The sight of a flooded Kansai International Airport and 3,000 stranded people after Typhoon Jebi slammed into southern Japan this week should be a warning to the world’s infrastructure investors.
Airports have been a highly rated asset class over the past decade. The combined market capitalization of the companies that run the terminals in Paris, Shanghai, Sydney, Frankfurt, Copenhagen and Thailand has almost quadrupled in the past 10 years, and is up by about two-thirds since the end of 2016.
Owning airports is seen as a surefire way to guarantee long-term cashflows and achieve hefty capital gains when the assets are sold at the end of multi-decade leases, underpinned by air-passenger growth that’s set to run at around 4.7 percent a year over the coming two decades. Airports of Thailand PCL, Sydney Airport Ltd. and Auckland International Airport Ltd. all have enterprise values in the region of 20 times forecast Ebitda, compared with multiples of around 12 times for Facebook Inc., Alphabet Inc. and Apple Inc.

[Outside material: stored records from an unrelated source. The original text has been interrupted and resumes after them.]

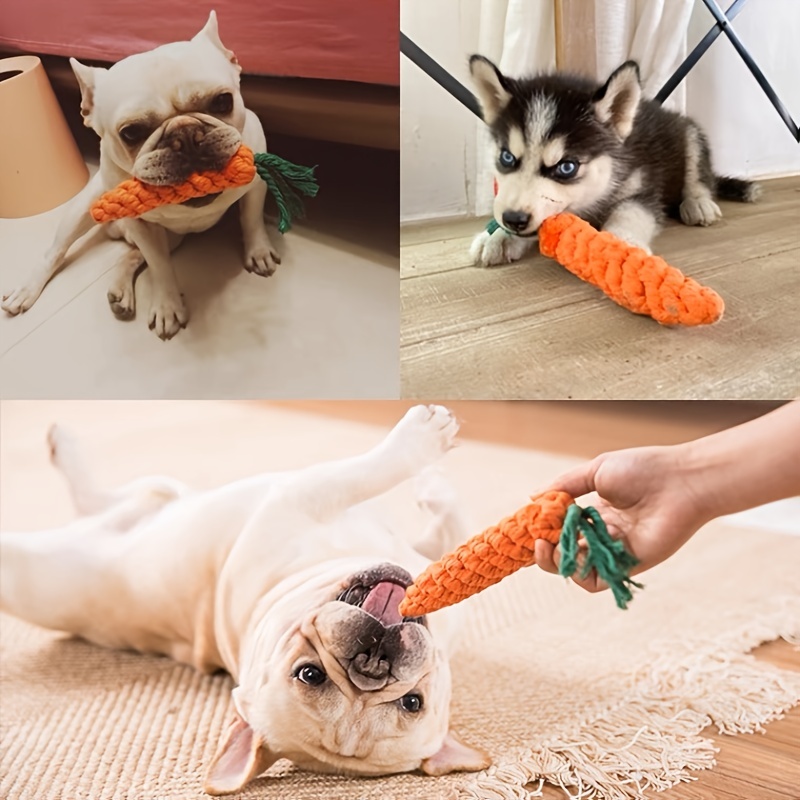 Pet Knot Toy For Dog Cat Carrot Shape Dog Chew Toys Cotton - Temu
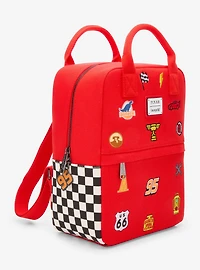 Loungefly Disney Pixar Cars Lightning McQueen Embroidered Patches Canvas Mini Backpack - BoxLunch Exclusive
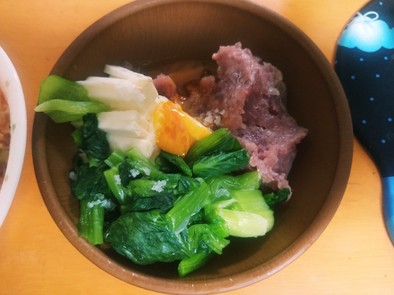 ☆小松菜のお浸しと大和芋マグロの付け合せの写真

That makes the sector’s patchy disclosure around climate-change risk all the more extraordinary. Through most of the 20th century, the key requirement for building an airport was the availability of a large stretch of undeveloped and affordable flat ground close to a major city. In many cases, that meant building on low-lying marshes, or even reclaimed land as at Osaka’s Kansai. Almost by definition, a large number of the world’s airports are in locations most at risk from rising sea levels, high tides, storm surges, extreme rainfall, or a combination of all four.
Just how many will be affected is hard to say, but you can get a decent picture by looking at how many hubs would be submerged by an event as dramatic as what’s just happened in Japan. Kansai Airport sits about 11 feet (3.4 meters) above sea level. That’s about in line with both of Shanghai’s airports; terminals in Rome, Brisbane, Barcelona, Tianjin, Bangkok and Amsterdam are all of equivalent elevations or lower.
Similar levels of flooding would affect 13 of the largest 47 U.S. airports, according to a 2014 government report, including all three major airstrips in the New York metropolitan area, two around San Francisco and two near Miami, as well as tarmac in Philadelphia, Washington, New Orleans, Honolulu, Tampa and San Juan.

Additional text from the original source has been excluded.